Taking Stock as Q3 Begins – The Single Most Important Sign
As July, Q3 and 2H 2022 begin the financial markets remain volatile and likely to stay that way throughout Q3. Over the past month or so, I have been encouraged by the behavior in sectors that peaked first and led the decline, namely, software, biotech, innovation and China. Those groups continue to lead the nascent rally. As I keep mentioning, I love bonds, especially on a risk-adjusted basis through year-end. The rally off the low has been strong and certainly due for pause now. But, I would buy weakness. High yield bonds have been the most frustrating to me, falling with stocks and bonds, but unable to rally when everything else bounced.
As you know I stopped pounding the table to commodities a while ago. I will do a special video on them shortly. Along with bonds, they seem to be foretelling a weakening economy and lower inflation. After basically tripling, mortgage rates are pulling back and housing looks to be peaking for the cycle. Way too many people will be left holding the illiquid bag here. Buyer beware on real estate.
The stock market is trying to put in a higher low right now which would set the stage for a more long-lasting rally than we have seen in some time. For that confirmation we need to see the S&P 500 close above 3950 which would also be a higher high.

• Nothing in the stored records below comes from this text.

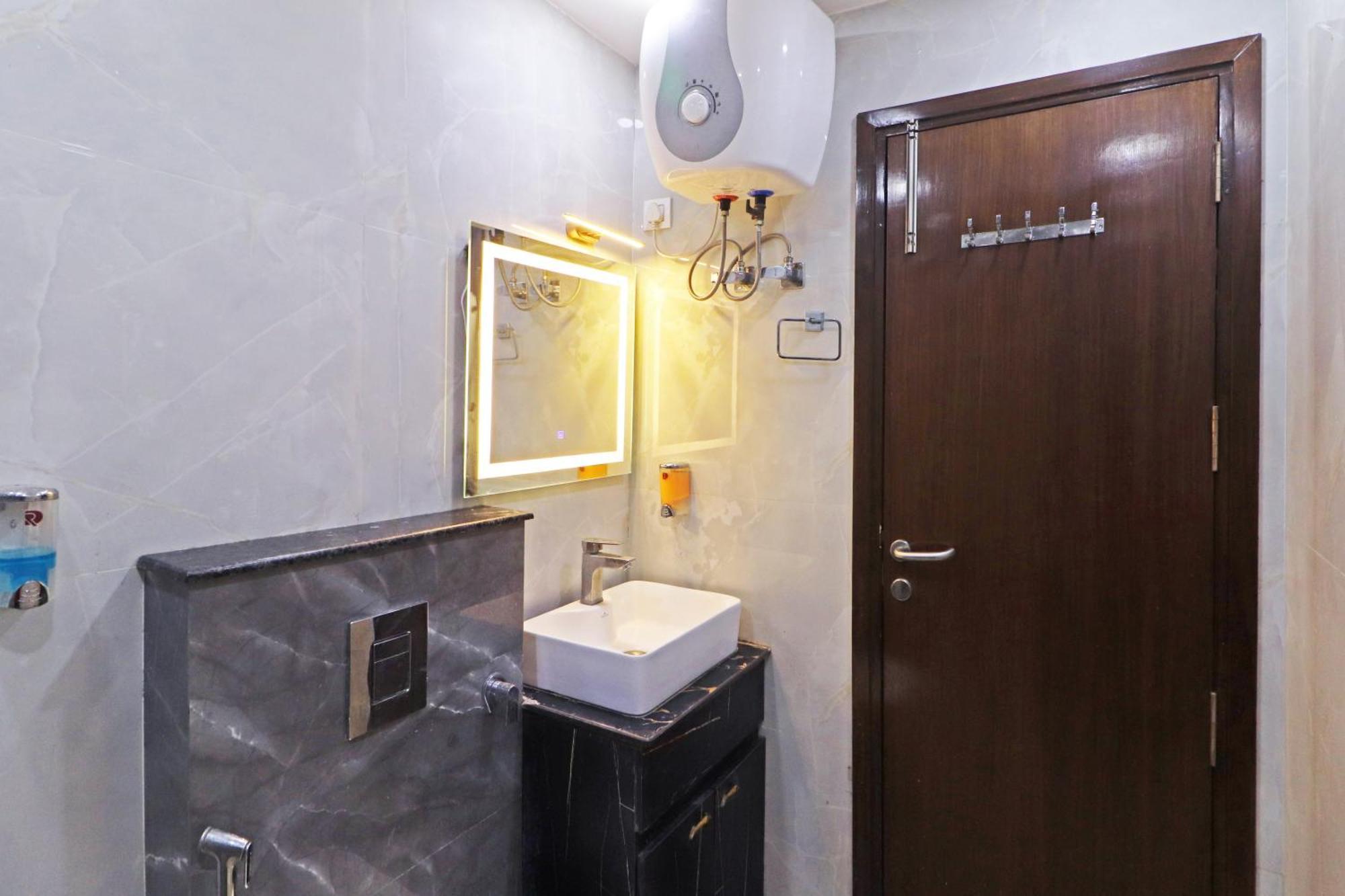 Samrat Residency 10 Mints Walking Distance Nizamuddin Railway Station Hotel New Delhi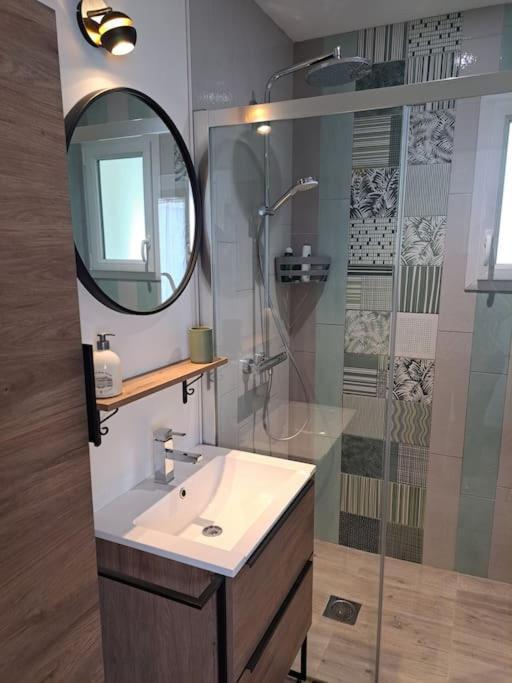 Aigrefeuille-dʼAunis Chambre D Hote La Riviere 45M2 Jardin Et Piscine מראה חיצוני תמונה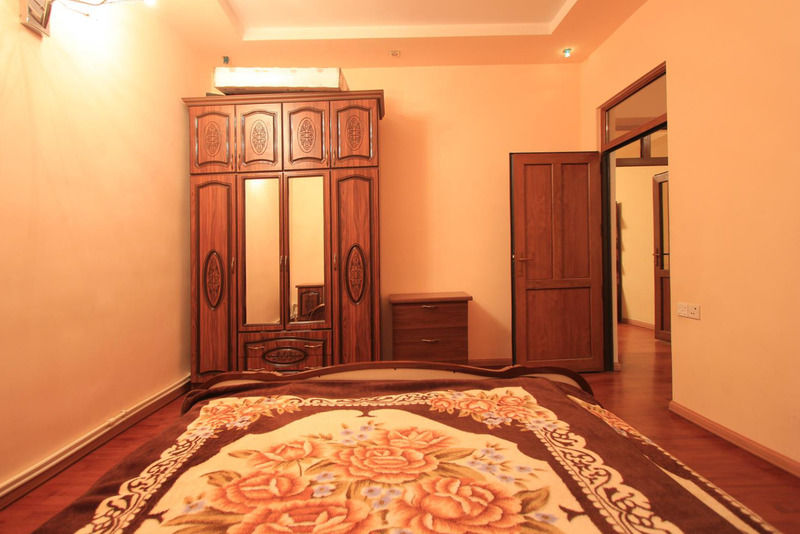 Jasmin Apt With Balcony At Republic Square & Ruben Tours Yerevan Exterior photo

The absolute key right now is that earnings season is about to begin. Everyone on earth fully expects companies to reduce forward guidance and issue murky forecasts. No secrets there. The rub comes IF stocks rally in the face of the bad news. I am not saying they will, only that it will be a very telling sign for performance over the coming weeks and months. Stay tuned.
On Tuesday we bought MDY. We sold our gold funds and some levered NDX.